Search code examples
apache-sparkpysparkazure-synapsedelta-lake

Change Column name in table and delta files?


I have a folder delta_table with delta files and I have created a Table called test_delta_table based on the delta files. How can I change the name of a column in the underlying delta files and in the table itself?

I'm getting in a spark error if I want to read from the same location and overwrite into the same location. Also it kind of curupts the files in the location. So I'm suspecting it's not possible to overwrite the same location from the read?


Solution

  • Yes, you cannot write in the same location you are reading from, but there are a couple of ways to get around that.

    Option 1: checkpoint the DataFrame

    The first think you can do is to checkpoint the DataFrame so the lineage gets broken, allowing you to write to the read location.

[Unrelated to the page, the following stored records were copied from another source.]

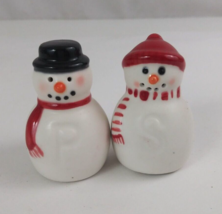 Vintage Mini Snowman Couple Christmas 2.25&quot; Salt &amp; Pepper Shakers - $176.33 MXN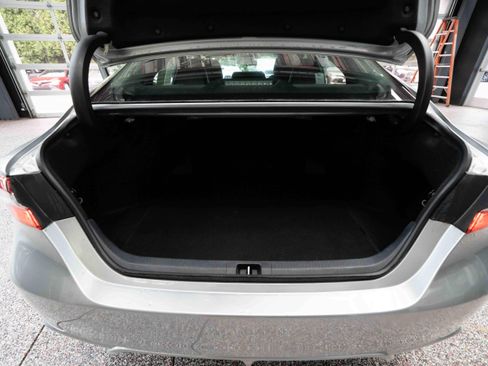 Used 2024 Toyota Camry SE FWD image 27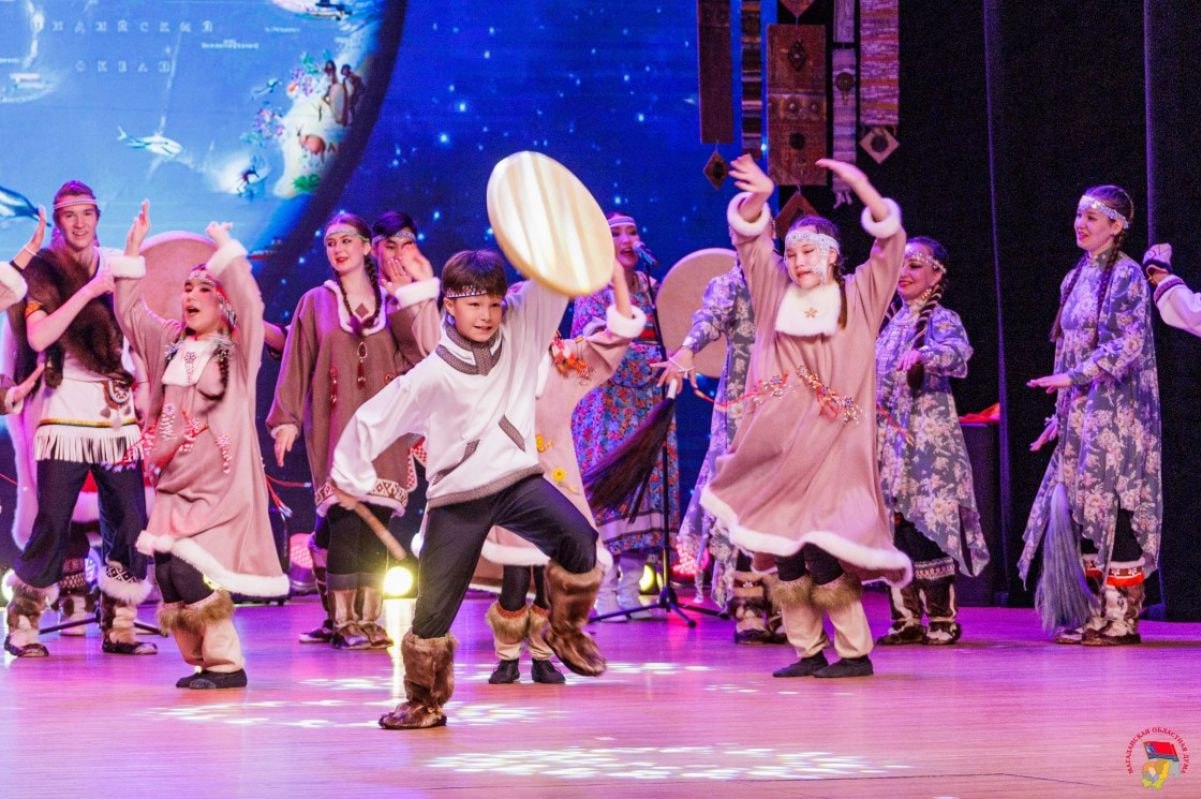 Неповторимыми концертами отметили 45-летие ансамбля «Энэр» в Магадане Неповторимыми концертами отметили 45-летие ансамбля «Энэр» в Магадане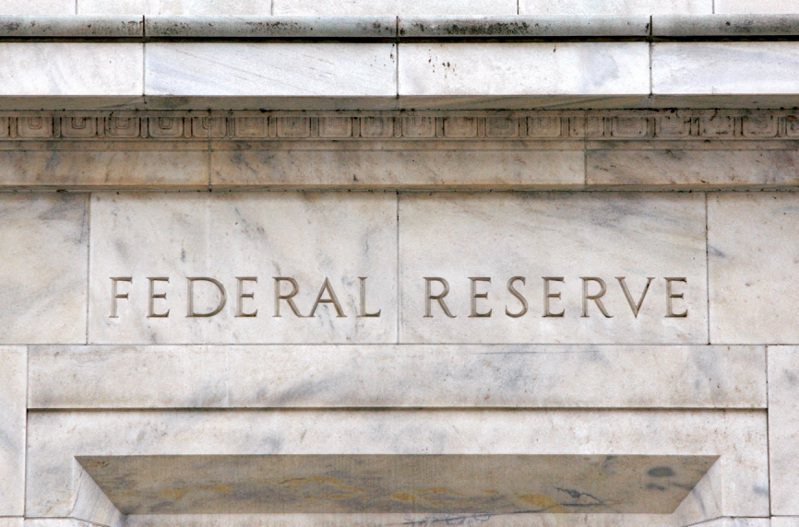 Fed罕見警告投資人勿低估Fed會長時間維持高利率的決心。路透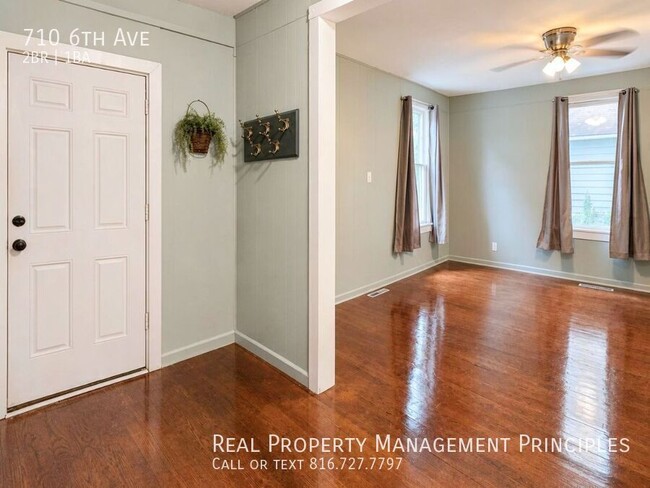 Photo - 710 6th Ave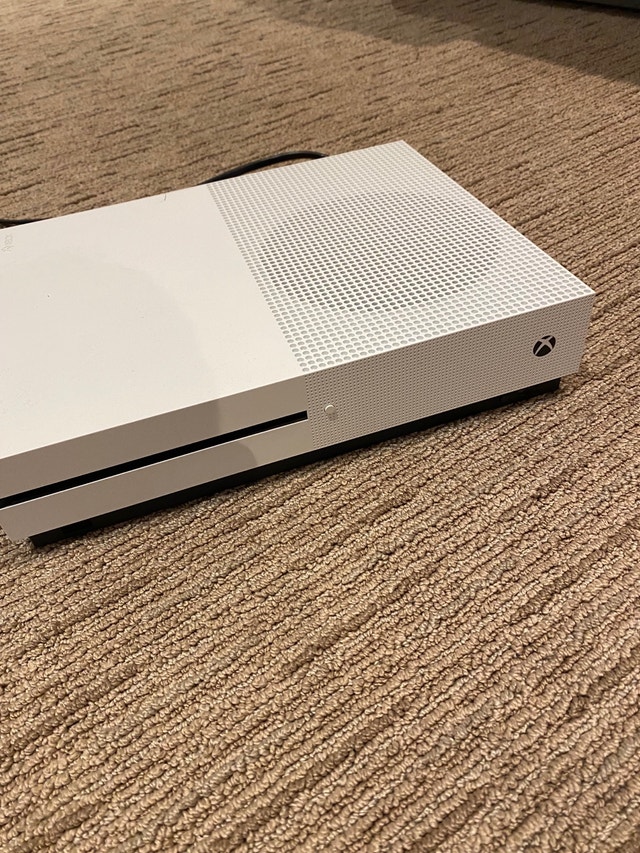 Xbox One S with controller XBOX One City of Toronto Kijiji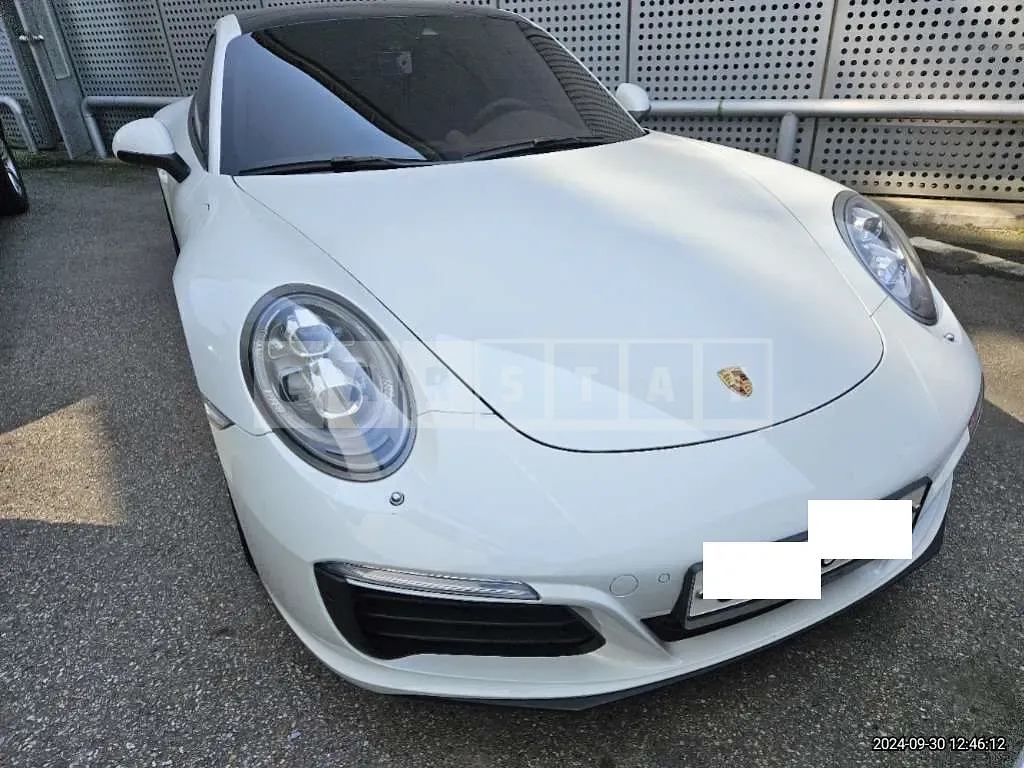Photo 2 of 39: 2017 Porsche 911 Carrera S — Korean insurance auction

    >>> # It's compulsory to set the checkpoint dir beforehand
    >>> spark.setCheckpointDir("/hdfs/checkpoint/path").
    >>> df = df.checkpoint()
    >>> # Now you can write, saveAsTable or whatever you want on to the reading location
    >>> df.write.parquet("/read/path")
    

    You can also use localCheckpoint, which saves the DataFrame on executor's cache memmory, instead of in disk, like checkpoint

    Option 2: write to a temporal location

    The second approach is doing a checkpoint manually. Firstly, we write de DataFrame to a temporal location, then read from temporal location to create a new DataFrame, and finally, write back to read path.

    >>> df.write.parquet("/tmp/path")
    >>> tmp_df = spark.read.parquet("/tmp/path")
    >>> tmp_df.write.parquet("/read/path")